Года за два до войны на городских улицах появились одетые в белую парадную форму деликатные милиционеры. К нарушителю порядка - матерщиннику, пьяному, перешедшему улицу не там, где надо,- подходил великолепный, не только изысканно одетый, но и изысканно вежливый блюститель порядка. Он щелкал каблуками, отдавал честь, объяснял причину, по которой «беспокоит гражданина такого-то» и в эпилоге предъявлял просьбу: «Вы нарушили, с вас рубль штрафу».
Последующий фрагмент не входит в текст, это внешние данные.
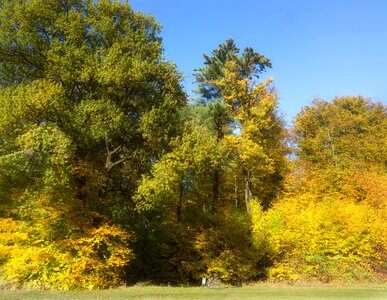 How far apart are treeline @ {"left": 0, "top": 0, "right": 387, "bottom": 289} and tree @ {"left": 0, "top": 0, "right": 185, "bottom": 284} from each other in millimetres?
66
Теперь от ритуала сохранилось все - от отдавания чести до квитанции, но исчезла романтика белого костюма, артистизм в выполнении сцены. Хотя не исключено, что глазастый постовой, у которого на мундире, когда он расстегивал шинель, я увидел колодки боевых медалей, в молодости надевал белую форму.
Он лихо козырнул, представился:
- Старшина Пелипенко (или Короленко),- и я ждал требования об уплате штрафа. Но вместо этого усач спросил:
- Прошу прощения, кто вы по специальности? Кем работаете?
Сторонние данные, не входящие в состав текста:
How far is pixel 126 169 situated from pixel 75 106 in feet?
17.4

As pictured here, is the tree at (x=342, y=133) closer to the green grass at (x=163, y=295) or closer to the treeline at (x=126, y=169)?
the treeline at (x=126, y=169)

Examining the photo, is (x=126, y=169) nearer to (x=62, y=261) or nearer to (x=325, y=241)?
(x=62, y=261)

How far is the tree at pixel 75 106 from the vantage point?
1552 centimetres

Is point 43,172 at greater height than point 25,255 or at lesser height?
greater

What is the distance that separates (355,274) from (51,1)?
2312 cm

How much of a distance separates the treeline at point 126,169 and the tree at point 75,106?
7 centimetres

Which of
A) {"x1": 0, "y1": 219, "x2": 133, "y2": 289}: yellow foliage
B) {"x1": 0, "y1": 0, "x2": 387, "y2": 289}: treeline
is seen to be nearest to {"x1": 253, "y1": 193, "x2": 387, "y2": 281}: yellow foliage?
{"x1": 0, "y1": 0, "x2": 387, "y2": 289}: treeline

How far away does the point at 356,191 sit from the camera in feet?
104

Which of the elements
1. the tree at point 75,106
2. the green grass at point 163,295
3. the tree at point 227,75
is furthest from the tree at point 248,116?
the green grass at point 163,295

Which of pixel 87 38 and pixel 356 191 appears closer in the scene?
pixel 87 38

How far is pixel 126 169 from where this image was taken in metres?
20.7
- Учитель,- выдавил я. Это была полуправда: я был не только учителем, но и директором ШРМ № 2.
- Учитель… учитель… - прошелестело в толпе и интерес к моей личности еще больше возрос. Какой-то парень в рабочей спецовке с пакетом молока в руке присвистнул от удивления; девушки студенческого обличья, смакующие мороженое, уважительно и вместе с тем с сожалением поглядели на меня. Еще минута, и какая-нибудь из пенсионерок окончательно уничтожит тем, что выступит в мою защиту.
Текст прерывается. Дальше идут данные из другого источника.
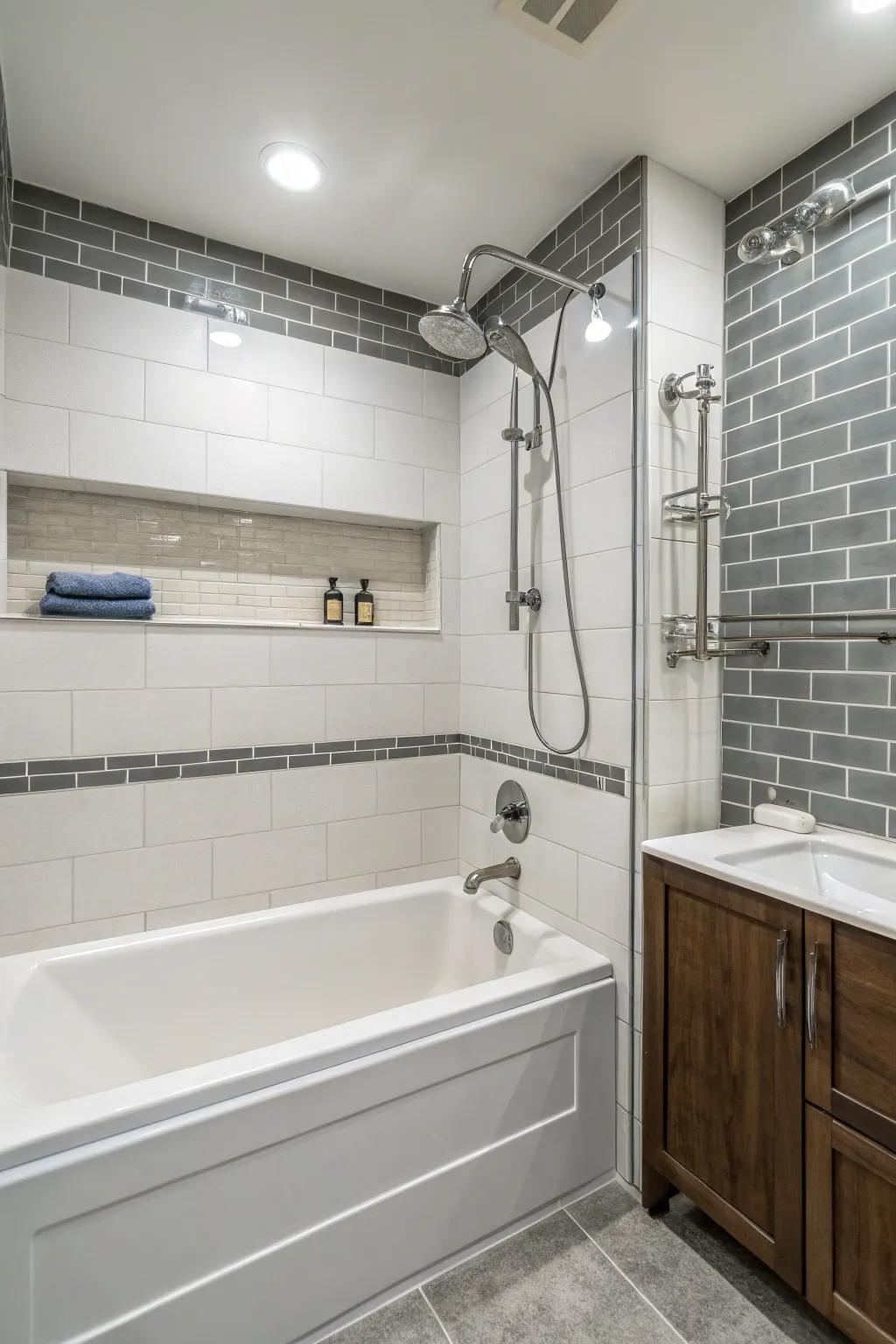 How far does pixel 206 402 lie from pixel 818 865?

- Вот видите, товарищ учитель,- подхватил милиционер,- какой вы ценный для нашей Родины человек, а нисколько не бережете спою жизнь. Ведь на вас могла наехать машина, вывести вас из строя, не говоря о худшем. Чтобы вам еще лучше запомнилось сегодняшнее происшествие, которое кончилось для всех, к счастью, благополучно, предлагаю уплатить три рубля штрафа, а квитанцию сохранить на память об органах милиции, которые бдительно стоят на страже здоровья и жизней наших дорогих советских людей.
В темном предбаннике кто-то схватил: меня за руку. По смеху я узнал Жанну. Она буквально помирала от хохота, таща меня в свою комнату.
- Ну что, Юрий Петрович, вы тоже чрезвычайно ценный для нашей державы работник? Я не скажу никому. Вы стояли как провинившийся пятиклассник перед добрым, но справедливым завучем. Вы кто по специальности - не завуч? Когда вы растерянно улыбались, я видела на ваших щеках знакомые симпатичные ямочки и дала себе клятву: мы изменим решение, я добьюсь, чтобы вас все же напечатали. Я перепишу, если нужно, все, но вы появитесь в городской газете!… Человек, который не обуглился от стыда на лобном месте под окнами редакции, может требовать от журналистов многого. Вы непременно должны писать еще, вам теперь ничего не страшно. Вы издадите книгу воспоминаний, а я ваш верный и бескорыстный литературный помощник.
- Издеваетесь?
- Нет, принимаю вас в великий орден ценных для нашей области, федерации и всей страны людей. Я тоже как-то уплатила этому гению два рубля. Но я заработаю на нем много больше - я напишу о нем рассказ, я восславлю милиционера - поэта, акына, кобзаря, ашуга.
- Значит, мне отказ?
- Редактор вообще против военных воспоминаний с продолжением. А на пять страничек не соглашайтесь. Я веду вас знакомиться к шефу. Он уезжает в горком, и надо его перехватить. Не упирайтесь, я ему не скажу о «сцене у фонтана».
Редактор, высокий симпатичный молодой мужчина в красивых модных очках, поднялся мне навстречу.